How food availability could catalyze cultural transmission in wild orangutans
Social learning is affected by ecology, study finds
The proverb “necessity is the mother of invention” has been used to describe the source from which our cultural evolution springs. After all, need in times of scarcity has forced humans to continually invent new technologies that have driven the remarkable cumulative culture of our species. But an invention only becomes cultural if it is learned and spread by many individuals. In other words, the invention must be socially transmitted. But what are the forces that drive social transmission? A long-term study covering 18 years of data on wild orangutans suggests that the answer can be found in an animal’s environment and the respective resource availability. A team of two Max Planck institutes and the University of Leipzig looked at how male orangutans learn from others, finding that individuals who grew up in habitats with plentiful food had a higher propensity to attend to social information. This finding demonstrates how an animal’s ecology can impact their opportunities to socially learn, and thus the likelihood that a new behavior can become an innovation with cultural properties.
“We’ve shown that animal’s ecological environment and respective resource availability has knock-on effects on an individual’s social learning opportunities, but also on their propensity for social learning over evolutionary time,” says first author Julia Mörchen.
The team from the Max Planck institutes of Evolutionary Anthropology (MPI-EVA) and Animal Behavior (MPI-AB) and the University of Leipzig (UL) studied adult male orangutans from wild populations in Borneo and Sumatra. “Because of their unique life history, adult males offer unique insight into orangutan social learning,” says Mörchen, a doctoral student at the University of Leipzig.
Once males reach independence, they leave the natal habitats in which they were raised and spend the rest of their lives as nomads roaming the rainforest. “This means that males are like perpetual tourists, so they have to constantly learn crucial behaviors, like what food is safe to eat, from experienced locals,” says Mörchen. To learn the necessary new skills, migrant males watch resident orangutans in a behavior known as “peering”.
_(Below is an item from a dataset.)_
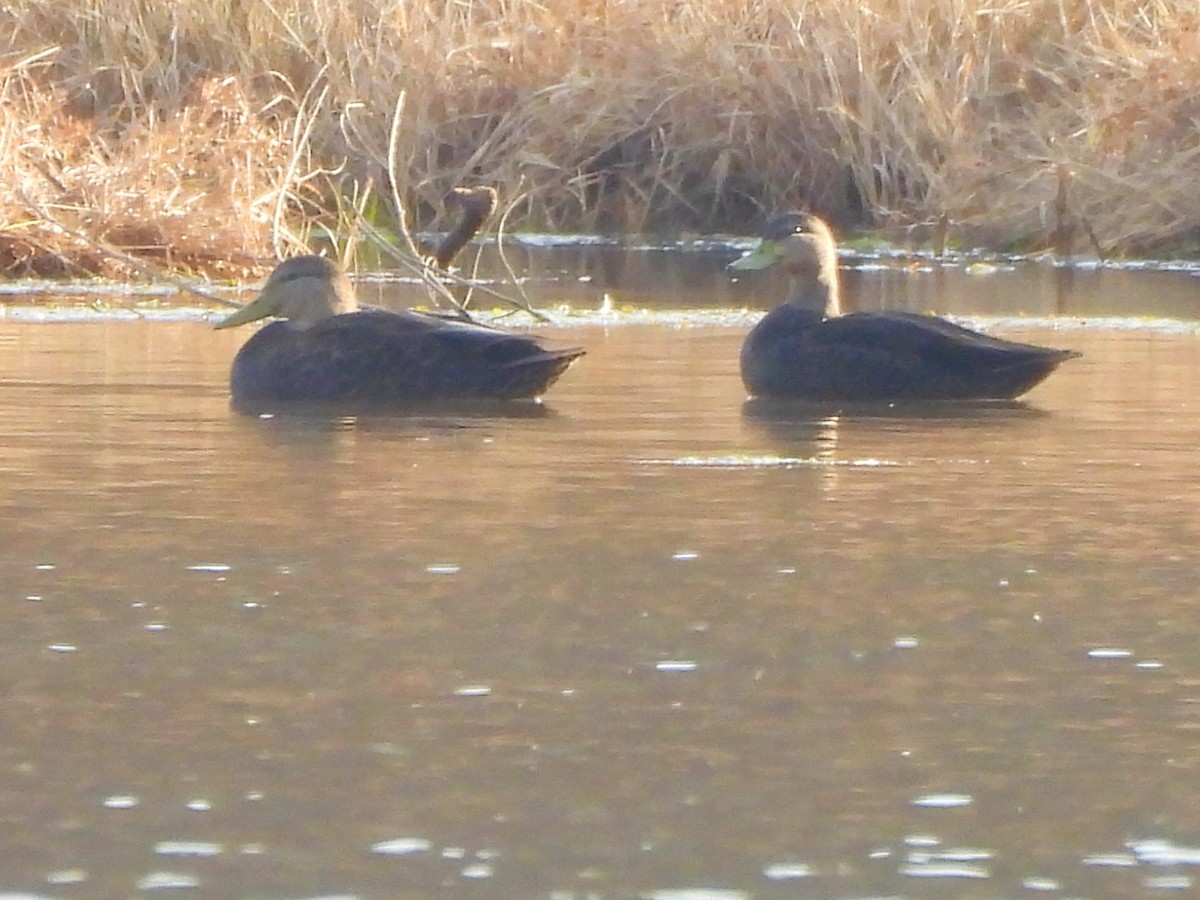 Canard noir - ML645579456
The researchers studied orangutans in Borneo and Sumatra, collecting data on instances when migrant males were peering at locals. In both populations, they found that males spent more time close to others, and peered more at them, when food was more plentiful in the environment. The authors say that this provides evidence that an animal’s environment can modulate social learning. “When times are good, orangutans spend more time in close contact, and so there are more opportunities for social learning,” says Mörchen.
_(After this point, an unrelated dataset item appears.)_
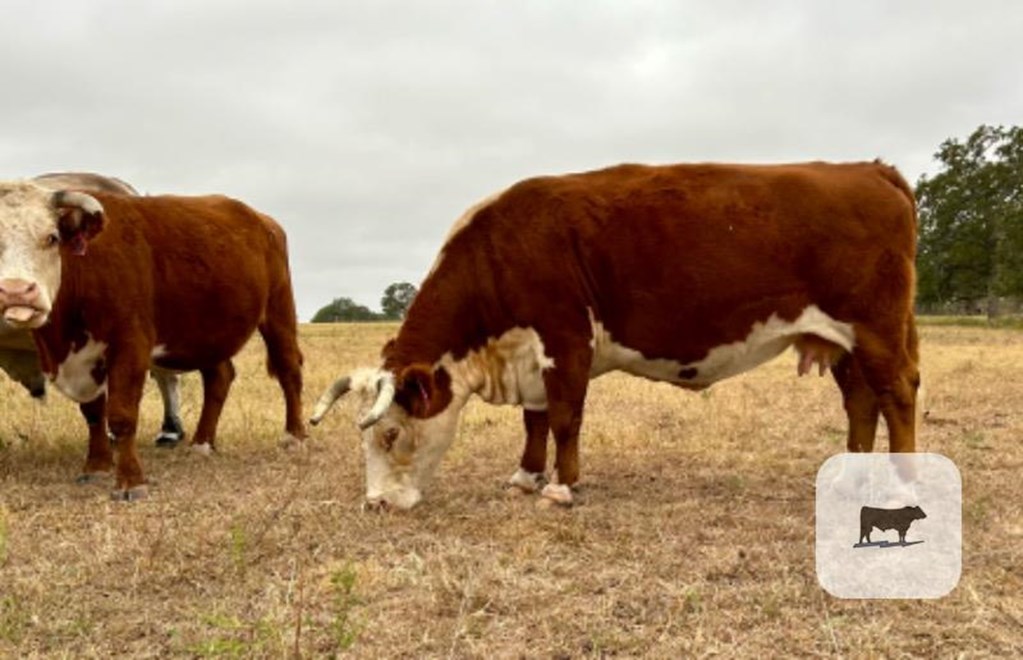 Cattle Range Listing Photo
The finding deepened when the team compared migrant males from Sumatra and Borneo to see how rates of peering differed. Sumatran orangutans live in habitats with high food supply while Bornean populations live with low and fluctuating food availability. Unsurprisingly, males from Sumatran populations spent more time peering than did males from Borneo. But the finding persisted, even after the effects of food availability was taken into account.
“It’s not just that Sumatran males had more food around and so they spent more time peering,” says Mörchen. “We found that Sumatran males had an overall higher propensity for peering than their Bornean counterparts.” The authors say that the study cannot disentangle the mechanisms driving the difference in the propensities to attend to social information. “It could be the result of developmental effects, of Bornean and Sumatran orangutans growing up under different ecological conditions,” says Mörchen. “Or, it could be the result of genetic differences between the species that have split approximately 674 thousand years ago, or a combination of both.”
Senior author Caroline Schuppli, from MPI-AB, explains: “Our study provides a glimpse into how ecology may affect cultural transmission. We show that availability of food modulates social learning opportunities and thus how likely new behaviors are to become cultural.”
Senior author Anja Widdig, from MPI-EVA and UL adds: “Discovering such effects of prevailing food availability on social tolerance and peering in the least sociable great ape species that is most distantly related to humans points toward a deep evolutionary origin of ecological effects on social learning propensities in the hominid lineage and their potential presence in other lineages.”